William Ragsdale on rumors of him injuring his ankle on set: “Not true, I broke my foot. Christmas Eve. We had shot all of the exterior stuff and were wrapping up for the day on Christmas Eve and Tom thought I could run down the stairs a little faster so he said, Let’s try this one more time and just really fly down the stairs. So I did and I fell. My ankle was swelling up a little bit, I got up on it and I thought I sprained my ankle. The sound guy came over and said, No, no…it’s a break. He played it back and you can hear it on the soundtrack snapping. You can tell in a lot of the interior scenes with my mom when I’m running out of the bedroom, I fall out of frame, that’s what that is.”
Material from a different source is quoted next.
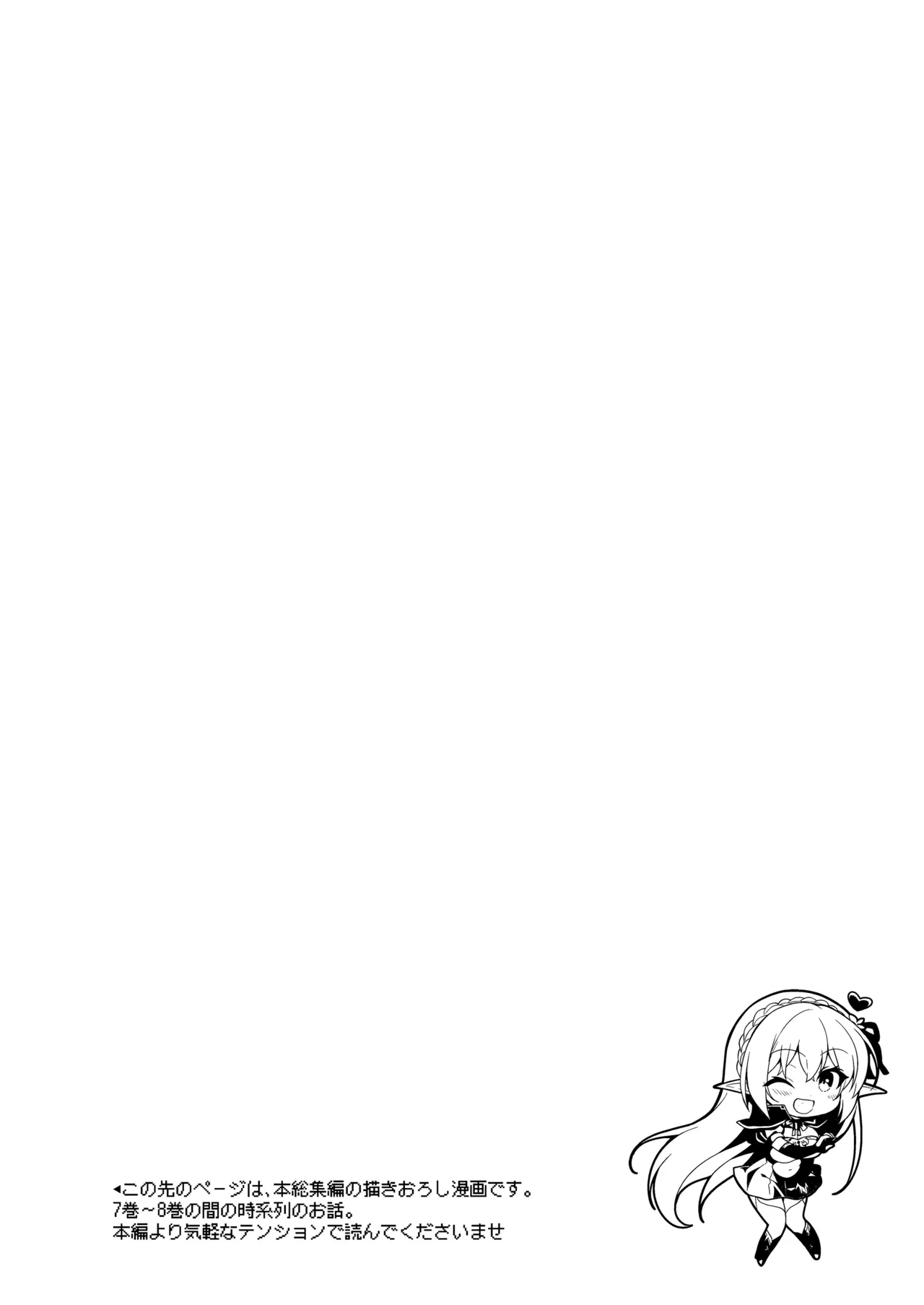 エルフに淫紋を付ける本LEVEL：5～8総集編 - page268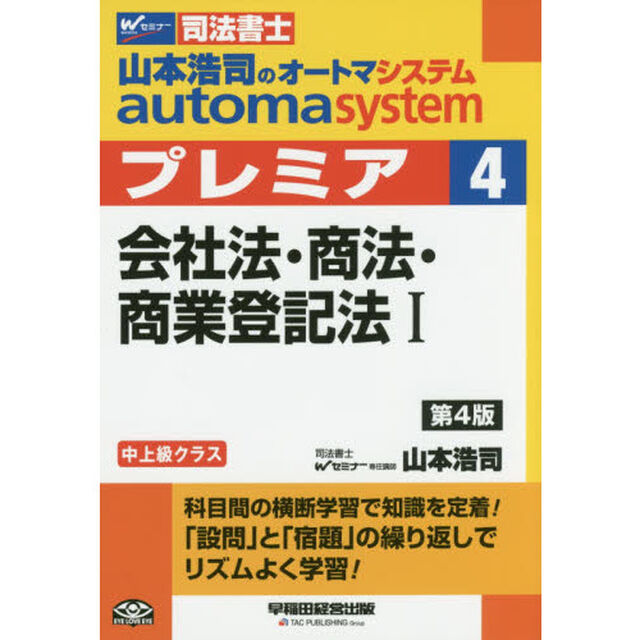 山本浩司のａｕｔｏｍａ　ｓｙｓｔｅｍプレミア　司法書士　４「第４版」「会社法・商法・商業登記法　１」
William Ragsdale on Fright Night Part 2: “We did it. [laughs] It was a couple of years later and Roddy and I were the only people who came back for that. It was interesting, but it wasn’t the original, it didn’t have quite the rapport of the actors at all. You can feel we were doing something different. It’s okay in its way, but it doesn’t stand up to the original. It was fun, and it was nice being offered a job as opposed to having to try and get one.”